- Gmail will now support new protocols for encrypted and authenticated email server communication.
- Man-in-the-middle actors will now have trouble in doing their thing, and in hiding it from admins.
- Gmail will be the first email provider to support the new standards, but more will follow soon.
As Google announced on their blog, Gmail is about to become the first major email provider to support the SMTP MTA Strict Transport Security protocol, as well as the SMTP TLS Reporting standard. Google has been working closely with the IETF (Internet Engineering Task Force) organization during these past three years for the development of these standards, and the same was the case for other major email providers like Microsoft and Yahoo. As Gmail is the first and only provider to support the new standards, the advantages that derive from them will only apply for email exchanges between Gmail users. When more email providers support the protocols, inter-communication between different platforms will get equally secure.
The main point of the implementation of these new standards is to prevent the possibility and undermine the effectiveness of “man-in-the-middle” attacks. Malicious actors can set up and use scoundrel email servers which can intercept messages that are exchanged between email servers. The new standards will establish a cryptographic protection layer, so the connection is authenticated with a valid public certificate before it gets encrypted with TLS 1.2 or higher.

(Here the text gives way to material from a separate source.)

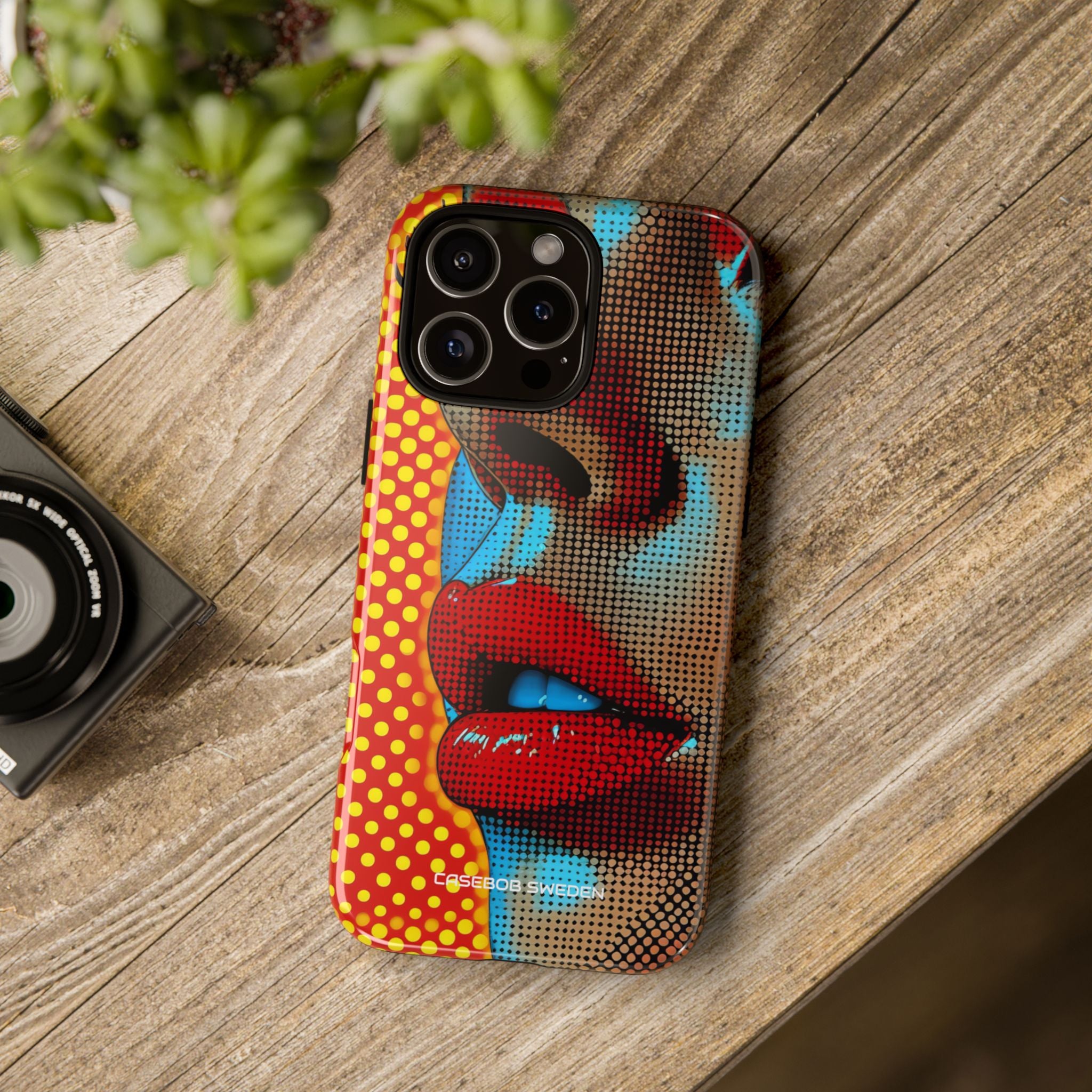 Yellow Red Pop Art Portrait - Tough iPhone 16 Phone Case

TLS reporting allows for further insight on what happened with the sent messages, and even request daily reports. As message delivery failures are not only a matter of accidental misconfiguration but can also occur due to an ongoing attack or use of unauthenticated channels, this reporting feature is essential from a security standpoint.
Google has published a detailed step-by-step guide on how to set up an MTA-STS policy on the DNS server you are administering, how to set up a valid configuration, publish the policy changes, and create a special mailbox for the reception of the TLS reports. Once configured, any emails that are sent to the server on the receiving end will compulsorily pass through an authenticated and encrypted channel; otherwise, they will not arrive on the inbox at all. Now, the man-in-the-middle attacks will still be possible, but the actors will be capturing encrypted data, while the admins will be able to tell that something mischievous is going on immediately thanks to the reports.